Le débat qui a suivi ces présentations a permis de mettre en évidence certaines particularités de ces types de financements. Ainsi, le taux d'intérêt qui se situait en général entre 4 et 7% a vu sa fourchette se réduire à 3 à 7%, suite au lancement du "quantitative easing" de la Banque Centrale Européenne : le prêt obtenu par Deloitte est autour de 3% ; plus récemment, Bel a émis à 2,9% ; en fait, les assureurs souhaitant être rémunérés à hauteur du risque pris, ont tendance à tirer vers le haut le taux de leur rémunération.

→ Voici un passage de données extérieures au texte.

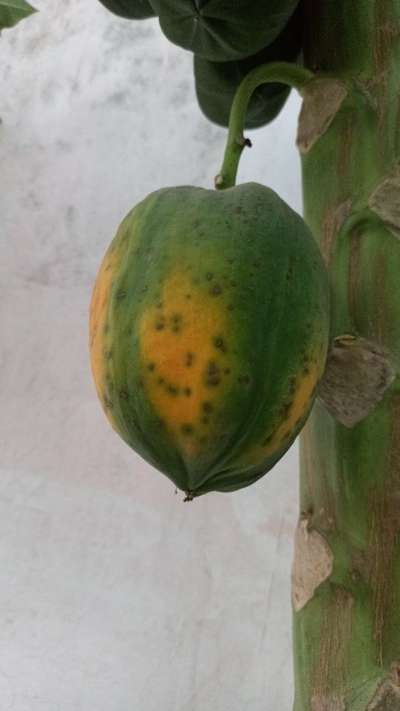 Anthracnose of Papaya and Mango - Papaya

La notation implicite des emprunteurs concernés se situent entre BBB- et BB+ : en deçà, les candidates sortent du spectre acceptable par le fonds NOVO, et c'est vers les investisseurs spécialisé en "private equity" qu'elles devraient se tourner.
En cas de financement conjoint, la relation entre banquier et assureur peut parfois devenir conflictuelle, en particulier, lorsque la notation implicite établie par l'un et l'autre ne coïncide pas. Lorsque le banquier refuse de communiquer sa notation interne à l'assureur, la manière de résoudre la difficulté est, pour l'assureur, de proposer un prix, et voir comment il est reçu par les autres participants. Un autre moyen, employé récemment, est de convenir que l'assureur bénéficiera "pari passu" des mêmes conditions que celles obtenues par le banquier. Quant à la pérennité du développement des financements "désintermédiés", il est indiqué que ceux-ci ont représenté 38% des montants totaux octroyés en 2013, contre 26% en 2008 : si l'on se réfère à l'exemple des Etats-Unis, ce type de financement a un large avenir.
Enfin, il a été précisé que le fonds NOVO n'octroie en principe que des prêts séniors, même si le fonds a, dans un cas particulier, participé à un  co-financement par prêt mezzanine à taux variable.